__WORK INSTRUCTIONS__:
Give back the exact lines of the material below from the one containing "Glass jar filled" through the one containing "3 шт. ледяной", and no pictures.

__DATA FOR REVIEW__:
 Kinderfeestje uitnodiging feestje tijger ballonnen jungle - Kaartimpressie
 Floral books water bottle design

* * *

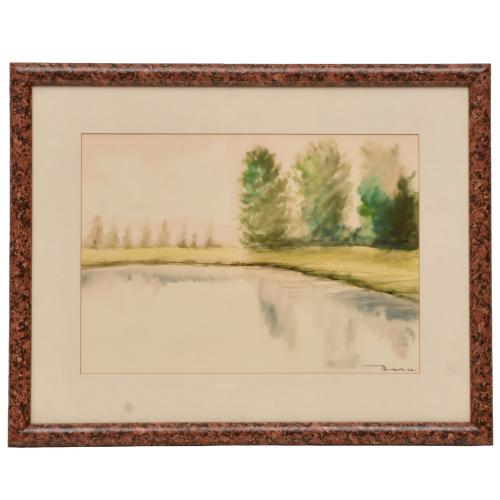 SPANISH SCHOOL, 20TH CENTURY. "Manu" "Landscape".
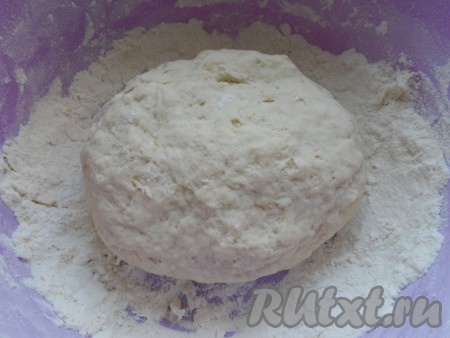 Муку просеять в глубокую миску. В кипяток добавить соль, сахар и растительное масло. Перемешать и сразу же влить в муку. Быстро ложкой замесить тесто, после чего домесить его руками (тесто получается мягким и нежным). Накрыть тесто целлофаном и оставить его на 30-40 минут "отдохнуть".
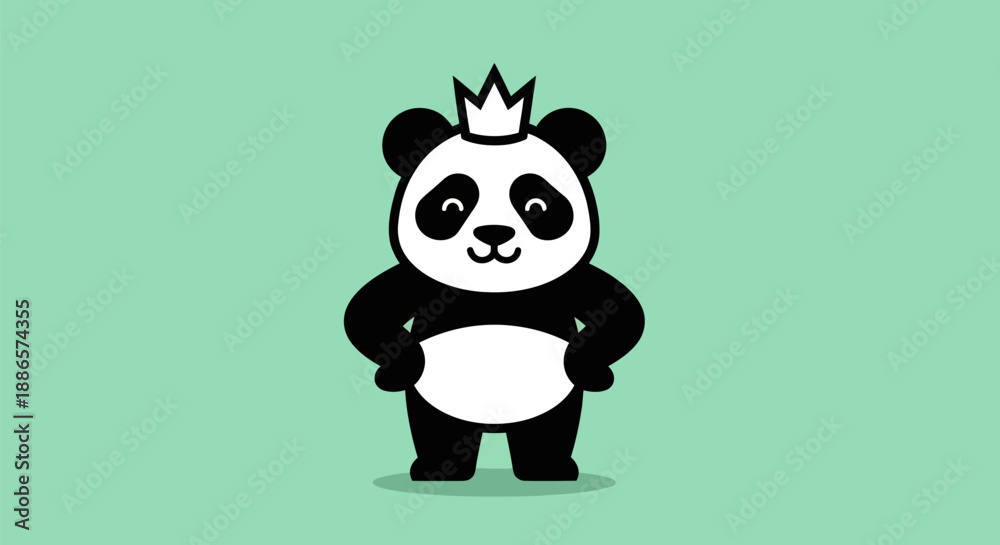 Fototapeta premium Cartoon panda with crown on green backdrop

--

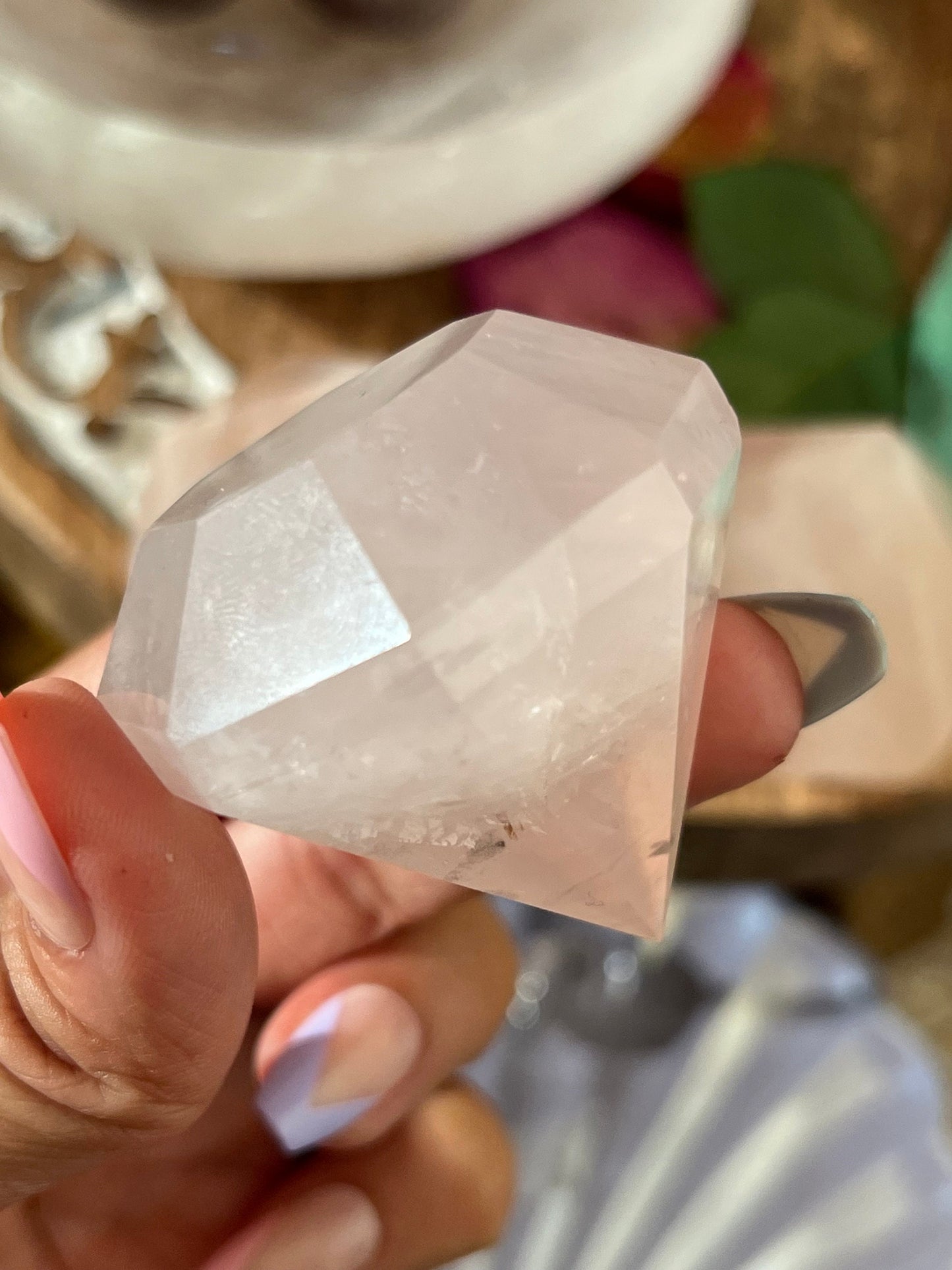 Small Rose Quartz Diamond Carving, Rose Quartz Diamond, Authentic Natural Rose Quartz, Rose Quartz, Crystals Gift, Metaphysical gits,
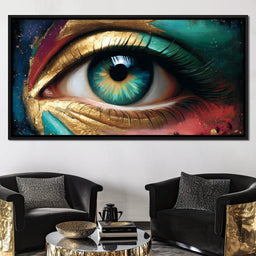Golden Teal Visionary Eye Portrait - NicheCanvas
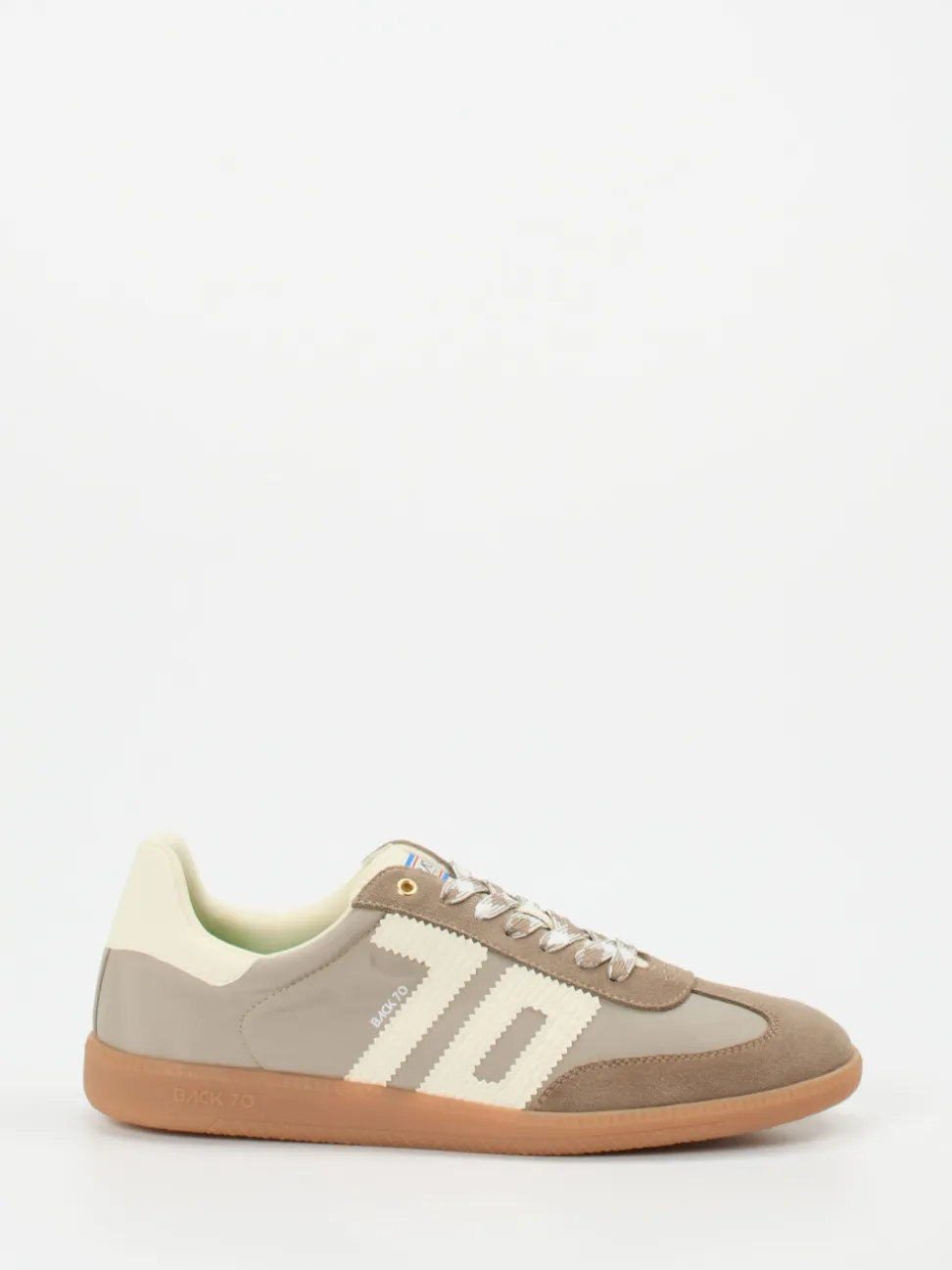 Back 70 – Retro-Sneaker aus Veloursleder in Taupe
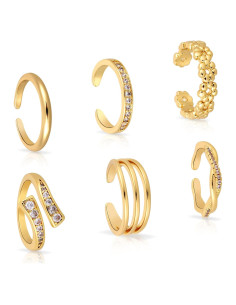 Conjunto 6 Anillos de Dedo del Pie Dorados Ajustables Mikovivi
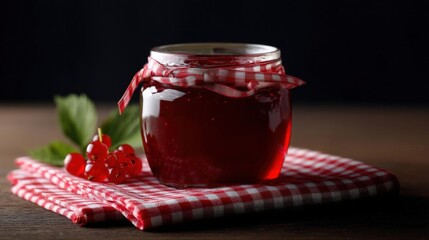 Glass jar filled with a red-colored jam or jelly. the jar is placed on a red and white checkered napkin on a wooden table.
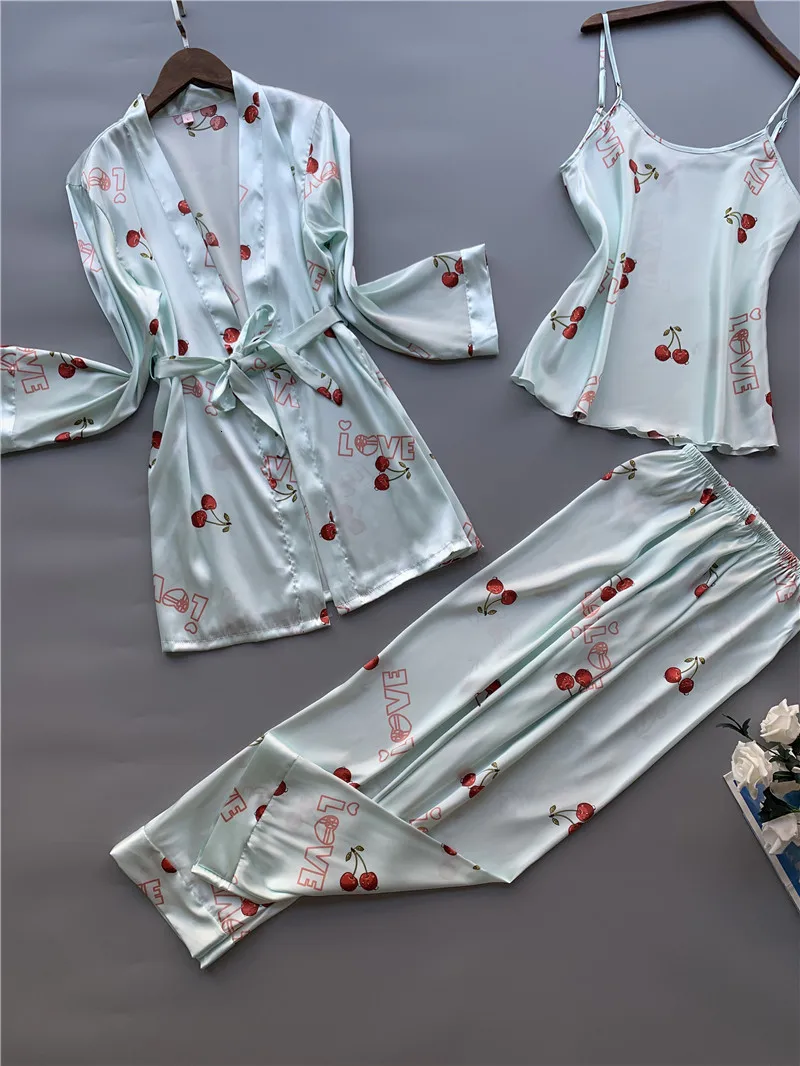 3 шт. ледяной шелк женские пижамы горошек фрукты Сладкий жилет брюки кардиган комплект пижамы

__REPLY__:
 Glass jar filled with a red-colored jam or jelly. the jar is placed on a red and white checkered napkin on a wooden table.
 3 шт. ледяной шелк женские пижамы горошек фрукты Сладкий жилет брюки кардиган комплект пижамы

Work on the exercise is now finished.